Recent scheduled run sample (last 30 runs from the agentic scheduler):

Workflow Status
Secret Digger (Claude) βœ… Success
Secret Digger (Codex) βœ… Success
Secret Digger (Copilot) ⚠️ Mixed (3 failures / 5 runs)
Issue Monster βœ… Success
Agentic Maintenance βœ… Success
CI Doctor ⚠️ All skipped (7/7 runs) β€” monitoring may not be triggering correctly

βœ… Existing Quality Gates

On Every PR (pull_request trigger to main)
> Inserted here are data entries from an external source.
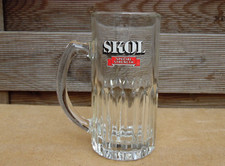 Vintage SKOL Special Strength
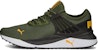 Puma Pacer Future 'Hijau Lumut Oren Bersinar' 380367-25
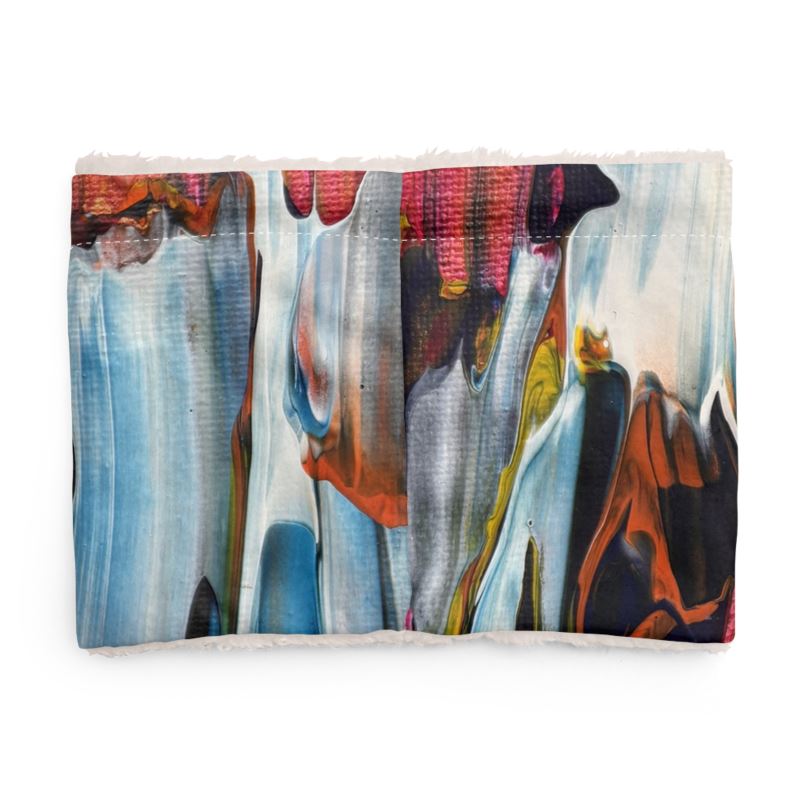 Supreme radiance Sherpa Snood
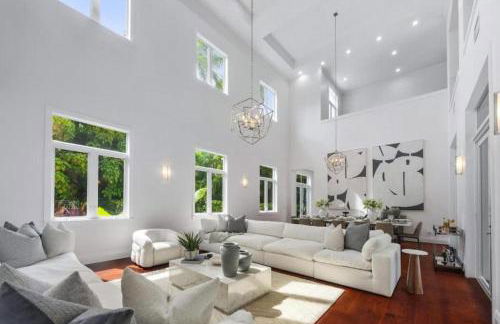 New Luxe Super Villa by The Glam Homes - Foto 22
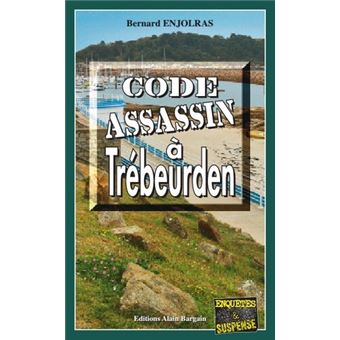 Code assassin à Trébeurden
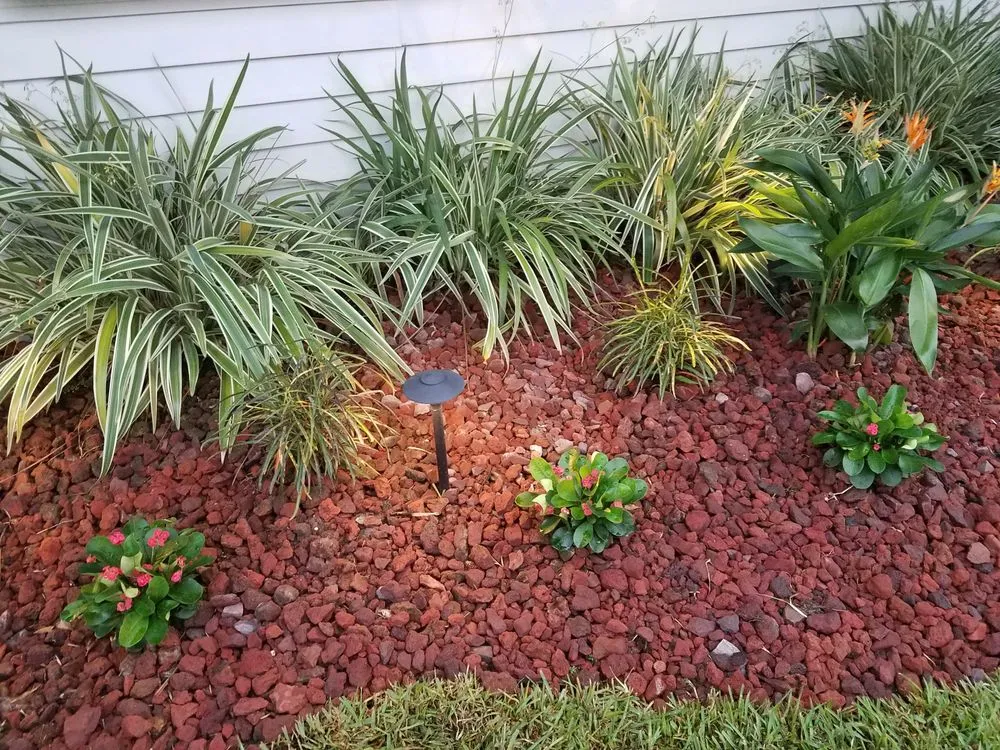 Local outdoor landscaping for outdoor upgrades across Fort Lauderdale, FL - Art & Tree Landscaping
Check Workflow What It Verifies
Build Verification build.yml TypeScript compile on Node 20 & 22, dist output exists, API proxy unit tests
ESLint lint.yml Code style / static analysis of src/
TypeScript Type Check test-integration.yml tsc --noEmit strict mode check
Test Coverage test-coverage.yml Jest unit tests + coverage delta vs base branch, PR comment
Integration Tests test-integration-suite.yml 4 parallel Docker-based test jobs (domain/network, protocol/security, container/ops, API proxy)
Chroot Integration Tests test-chroot.yml 4 parallel jobs: language runtimes, package managers, /proc FS, edge cases
Examples Test test-examples.yml End-to-end execution of examples/*.sh scripts
Test Setup Action test-action.yml action.yml self-test (latest version, specific version, image pull, invalid version)
CodeQL codeql.yml Static security analysis (JavaScript/TypeScript + GitHub Actions)
Container Security Scan container-scan.yml Trivy CRITICAL/HIGH CVE scan of agent and squid images (path-filtered to containers/**)
Dependency Audit dependency-audit.yml npm audit --audit-level=high for main and docs-site packages
PR Title Check pr-title.yml Conventional Commits format enforcement
AI Security Guard security-guard.lock.yml Claude reviews PR diff for security regressions
Build-Test Workflows 8 agentic workflows Real-world project builds (Go, Rust, Java, Node, Bun, C++, Deno, .NET) through the firewall
Smoke Tests 4 agentic workflows Claude/Codex/Copilot/Chroot end-to-end agent execution (reaction or PR triggered)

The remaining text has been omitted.